● **GIVEN DATA**
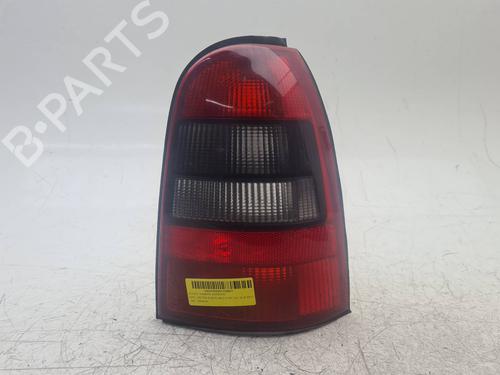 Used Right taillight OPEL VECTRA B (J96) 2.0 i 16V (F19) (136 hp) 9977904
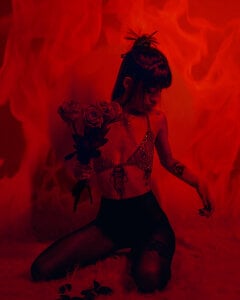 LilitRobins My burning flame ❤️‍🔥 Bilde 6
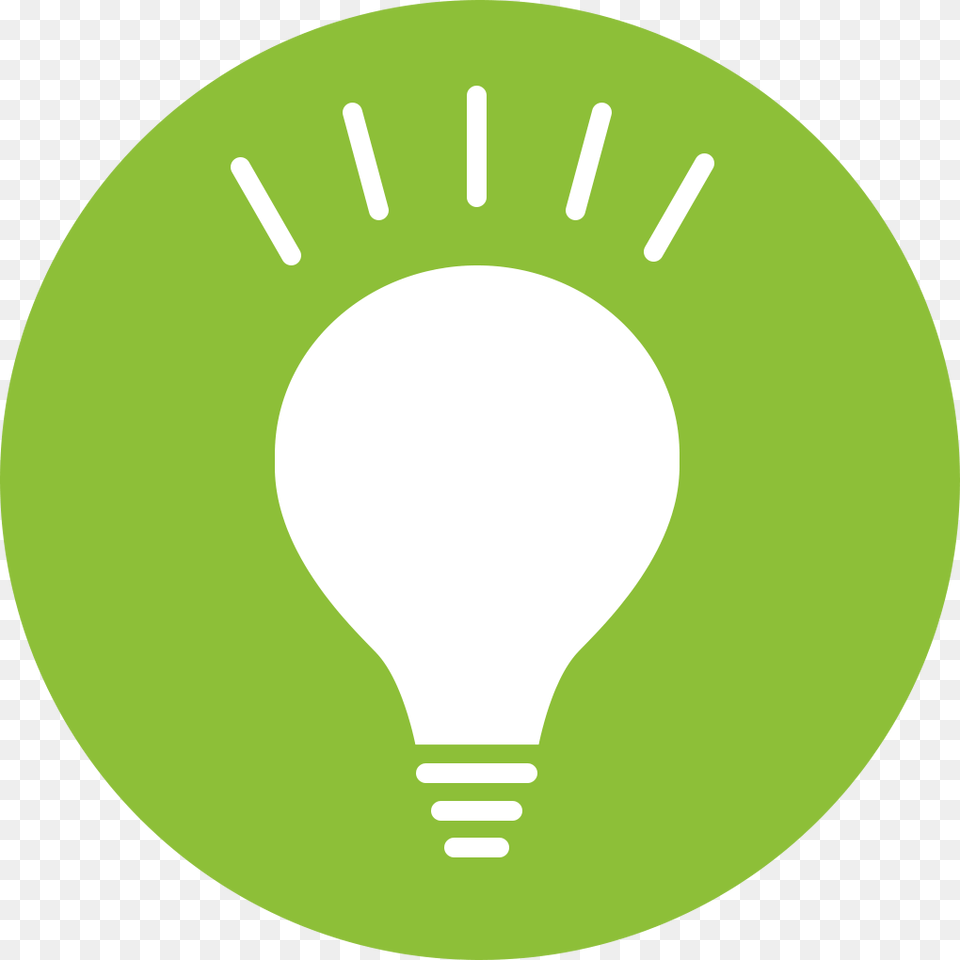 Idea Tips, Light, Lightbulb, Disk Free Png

● **ACTIVITY**
Please transcribe the listing exactly as it stands, but omit its pictures.

● **FINAL ANSWER**
 Used Right taillight OPEL VECTRA B (J96) 2.0 i 16V (F19) (136 hp) 9977904
 LilitRobins My burning flame ❤️‍🔥 Bilde 6
 Idea Tips, Light, Lightbulb, Disk Free Png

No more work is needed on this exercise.